26/10/11

This Must Be The Place

Paolo Sorrentino è l'unico, ad oggi, regista italiano in grado di trasporre la sua immaginazione e i suoi virtuosismi registici anche oltreoceano, creando un'opera straniante e straniata come il suo protagonista, ispirato con forte evidenza a Robert Smith dei The Cure e alle movenze rallentate di Ozzie Osbourne, nonché al gruppo di Siouxie and The Banshees, in cui il primo aveva militato per qualche tempo come chitarrista, riuscendo a creare un nuovo tassello della propria storia d'autore capace di raccontare vicende, che in questo caso seppur non sembri avere spunti di particolare originalità di fondo, riesce comunque ad imprimervi una sua impronta personale che lo distanzia dal panorama nostrano.

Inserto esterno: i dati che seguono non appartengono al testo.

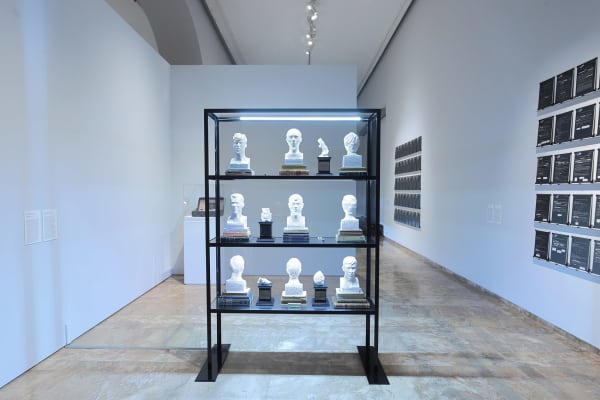 Daniel Gasol, Galería de anomalías patológicas, 2024 - 2025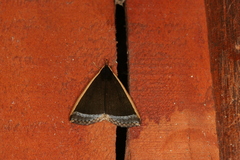 Pseudarista pagasusalis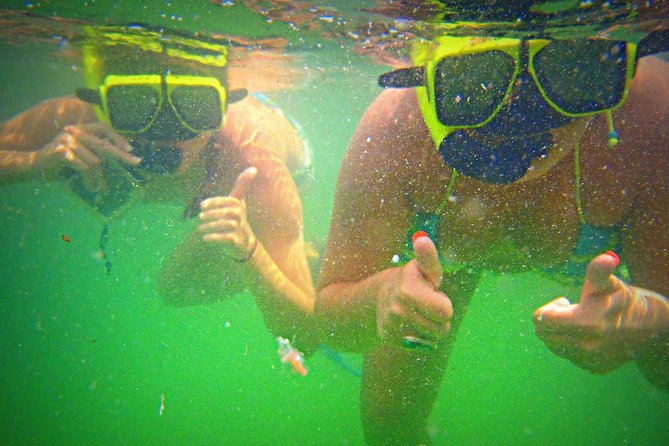 Shell Island Snorkel and Dolphin Catamaran Cruise with Island Time - Should you book Island Time Sailing’s Shell Island catamaran?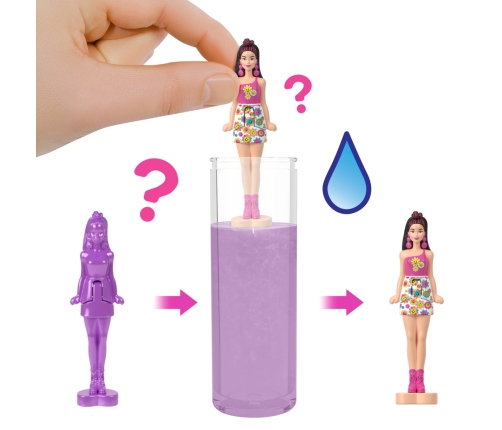 Barbie Mini BarbieLand Color Reveal Dolls Asst - Rainbow Groovy Series JCR08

Sorrentino si perde consapevolmente e piacevolmente negli spazi americani, meno propensi a costituire quelle gabbie architettoniche e formali che il suo cinema sinora è riuscito a rappresentare ed è questo l'aspetto forse apparentemente meno vincente del suo film, che rieccheggia volutamente e consapevolmente autori che nel grande continente hanno trasposto loro storie e narrazioni, primo tra tutti Wim Wenders, rischiando essi stessi di perdersi e disorientare i loro stessi affezionati spettatori.
Eppure Sorrentino costituisce ad oggi l'unico regista italiano con una poetica definita, con un'idea di cinema ben formata, per quanto alcuni suoi potenziali detrattori possano intravedervi un passo falso, una dimostrazione di una vacuità di fondo che inquadrature formalmente perfette non possono compensare sino alla fine, ma guardando indietro al suo cinema, sinora il regista ha dimostrato di avere qualcosa da dire e di saperlo fare con strumenti in possesso di tutti, ma non adeguatamente utilizzati da altri.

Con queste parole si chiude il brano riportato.